Young children are particularly vulnerable to trauma. For instance, compared to other age groups, children younger than four years of age have among the highest rates of nonfatal injuries (e.g., falls, drownings, poisonings, burns). Furthermore, over half of child maltreatment victims in the US are under the age of six years old.
In fact, by age nine, more than one-third of children have experienced at least one potentially traumatic event. Some of these children develop a mental illness called post-traumatic stress disorder (PTSD).
The present article discusses the common symptoms of PTSD in children, as described in the Diagnostic and Statistical Manual of Mental Disorders (DSM-5). It concludes with a review of treatments for PTSD.
Symptoms of PTSD in children
The DSM-5 criteria for diagnosing PTSD in children six years and younger include:
- Exposure to actual or threatened serious injury, sexual violence, or death.
- Presence of intrusive memories, recurrent nightmares, flashbacks, intense distress, or physiological reactions associated with the trauma in children.
- Negative changes in mood and thinking (e.g., intense fear, inappropriate guilt, inability to experience positive feelings).
- Avoidance of reminders of the trauma in children (e.g., locations, activities, thoughts, feelings).
- Negative changes in arousal, including increased reactivity (e.g., increased irritability, greater startle response, significant sleep difficulties).
Reactions to trauma in children vary greatly depending on a number of factors, such as the child’s age. For example, younger children with a history of trauma may show reluctance to get involved in new activities at school, whereas adolescents with a history of trauma may show diminished interest in developmentally appropriate opportunities (e.g., dating).
Psychological trauma in children often interrupts biological, emotional, and social development. As a result, traumatized children have great difficulty managing life stressors as they grow older. Even if they do not develop post-traumatic stress disorder, they experience other mental health issues, such as anxiety and depression.
Psychotherapy and medications for PTSD
- Education.

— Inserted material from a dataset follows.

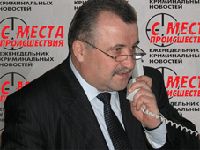 Владимир ХОМЕНКО 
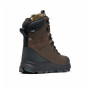 Scarpe invernali da uomo Columbia Expeditionist™ Extreme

Providing information to children and their caregivers regarding the trauma and reactions to trauma in children (e.g., avoidance behaviors, guilt, shame).

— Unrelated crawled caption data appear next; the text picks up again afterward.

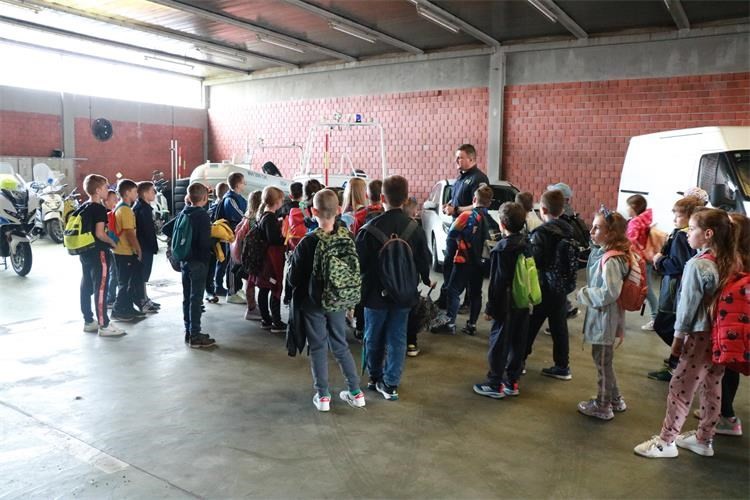 PU Međimurska PU Međimurska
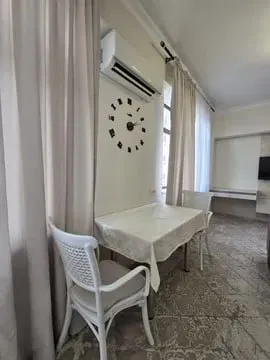Сдается квартира 4
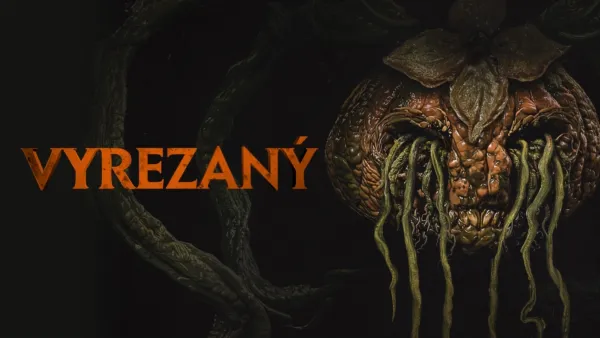 thumbnail - Vyrezaný
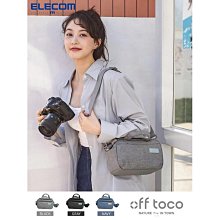 ELECOM 輕巧疲勞減輕無線滑鼠-天藍 歷史價格詳細信息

- Parenting skills. Teaching parents effective communication and behavior management skills.
- Coping and relaxation. Explaining the importance of relaxation and describing how/when to use relaxation techniques such as deep breathing, guided imagery, and mindfulness meditation.
- Emotion regulation. Teaching patients (and their families) effective ways to identify, express, and manage difficult emotions.
- Cognitive processing. Explaining how thoughts, emotions, and behaviors are interrelated, and why changing thoughts can change emotions.
- Creating a therapeutic narrative about the trauma. The goal is to help identify and correct inaccurate beliefs about the trauma and life (e.g., that the world is very dangerous or nobody can be trusted).
- Real-life exposure to trauma reminders. Encouraging the traumatized child to gradually face his or her fears. This means exposure to safe activities that have been avoided because they serve as reminders of the trauma in children.
- Parent-child sessions. Facilitating open and positive communication between parent and child.
- Enhancing safety. Teaching safety skills to prevent revictimization.
What about medications? For PTSD in adults, antidepressants like selective serotonin reuptake inhibitors (SSRIs)—sertraline, fluoxetine, paroxetine, etc.—are first-line treatments.
There is limited research on the effectiveness of SSRIs in childhood PTSD; nevertheless, they have been shown to be effective in treating childhood anxiety and depression, which are often comorbid with PTSD.
Because mental health is inextricably linked with physical health, interventions targeting physical exercise, healthy nutrition, and improved sleep quality are also important and may enhance the effects of the other treatments discussed.